Your task → What are the lines, word for word, from the line with "Used Buick GL8 2023 ES Lu Zun Luxury Model" up to and including the line with "2026, 2:39 pm" in the records below? Omit the pictures.

Data to process →

Segment Open

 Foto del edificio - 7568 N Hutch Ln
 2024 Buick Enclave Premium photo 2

Segment Closed
Segment Open

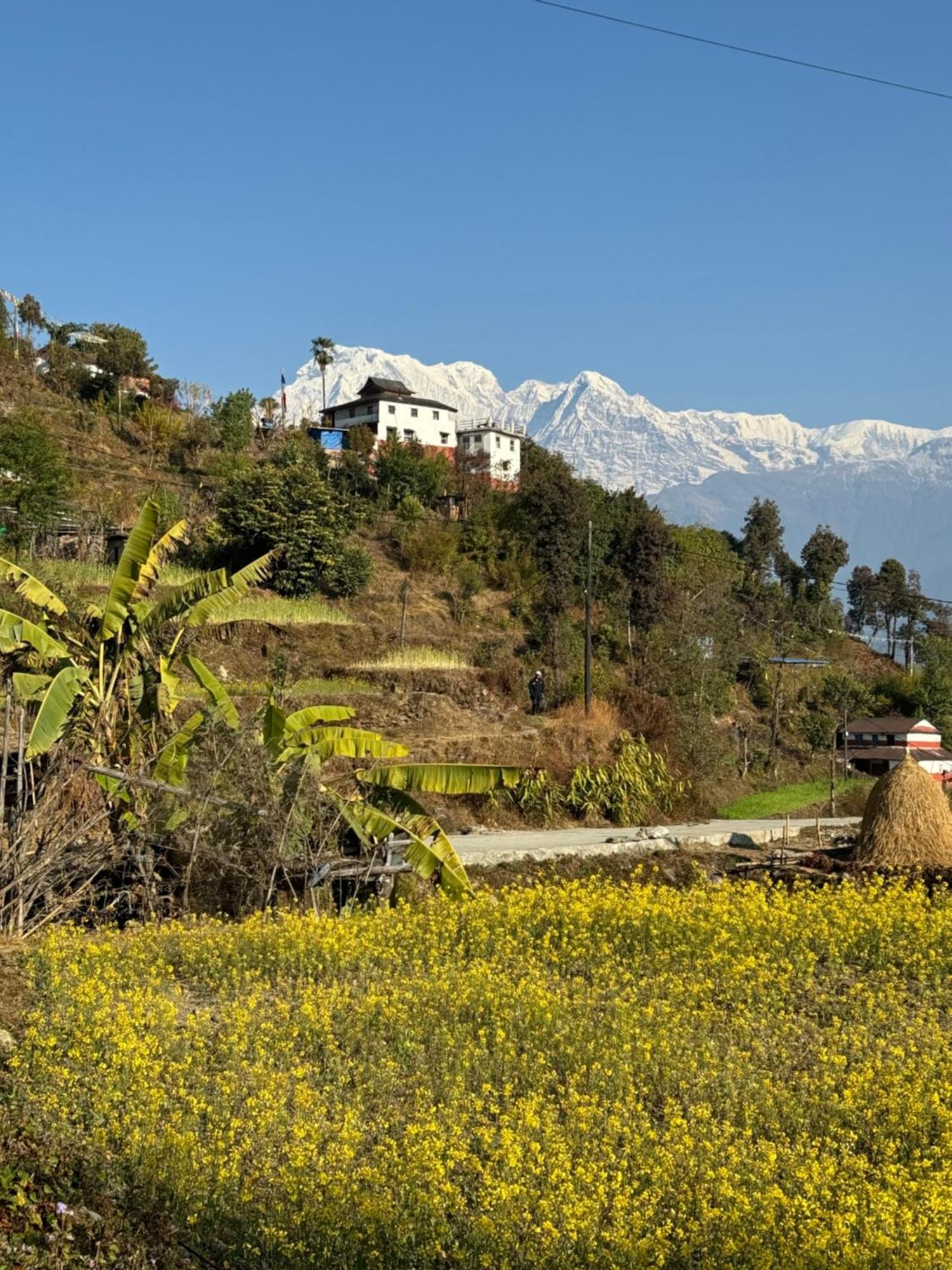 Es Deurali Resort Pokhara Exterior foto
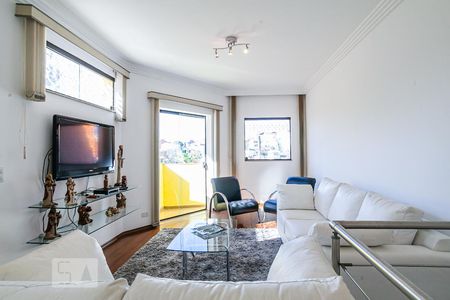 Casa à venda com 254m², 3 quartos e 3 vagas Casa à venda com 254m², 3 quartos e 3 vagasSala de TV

Segment Closed
Segment Open

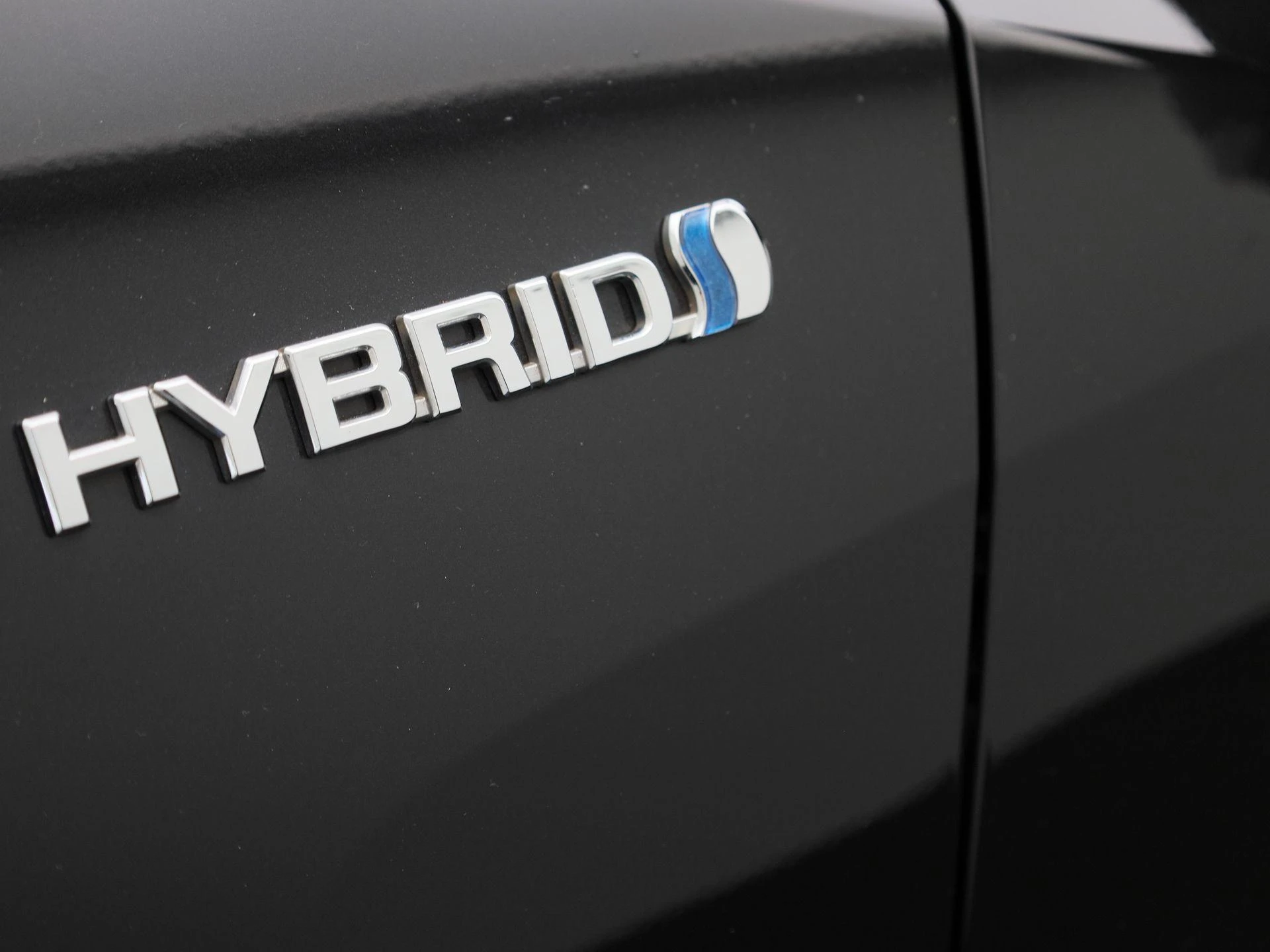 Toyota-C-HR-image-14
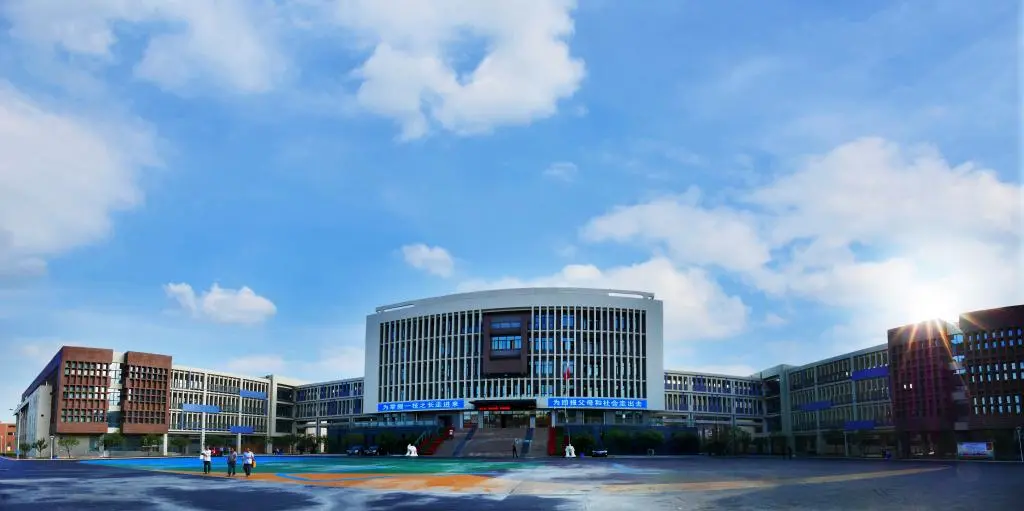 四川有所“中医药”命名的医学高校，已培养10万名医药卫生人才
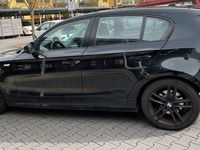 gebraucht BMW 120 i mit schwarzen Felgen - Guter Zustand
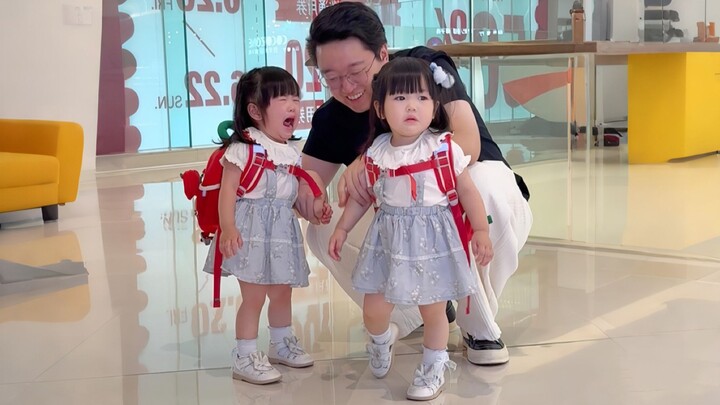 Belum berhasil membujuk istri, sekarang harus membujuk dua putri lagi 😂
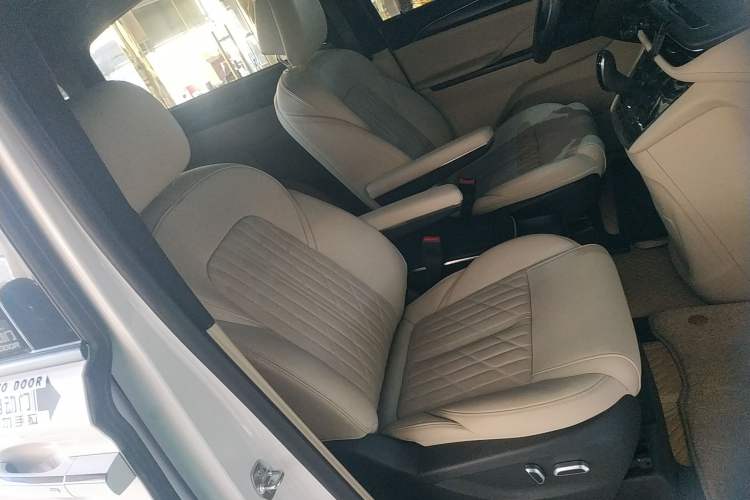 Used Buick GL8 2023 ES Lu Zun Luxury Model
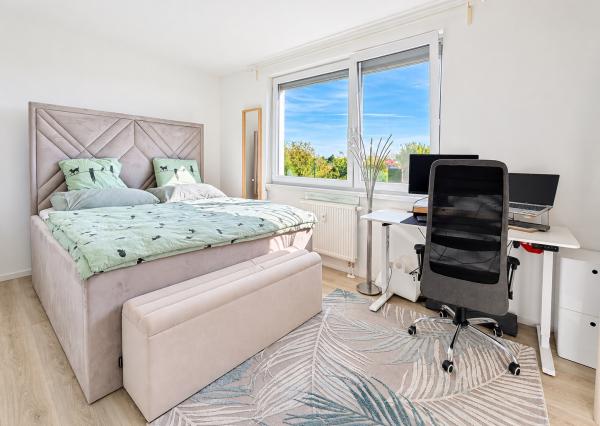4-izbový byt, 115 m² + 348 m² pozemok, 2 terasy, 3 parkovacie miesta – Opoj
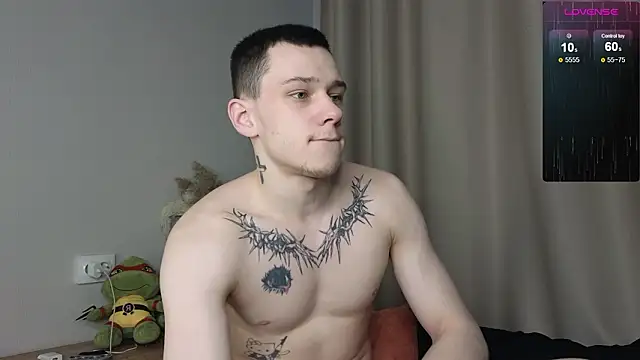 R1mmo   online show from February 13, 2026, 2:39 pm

Segment Closed

Response area →
 Used Buick GL8 2023 ES Lu Zun Luxury Model
4-izbový byt, 115 m² + 348 m² pozemok, 2 terasy, 3 parkovacie miesta – Opoj
 R1mmo   online show from February 13, 2026, 2:39 pm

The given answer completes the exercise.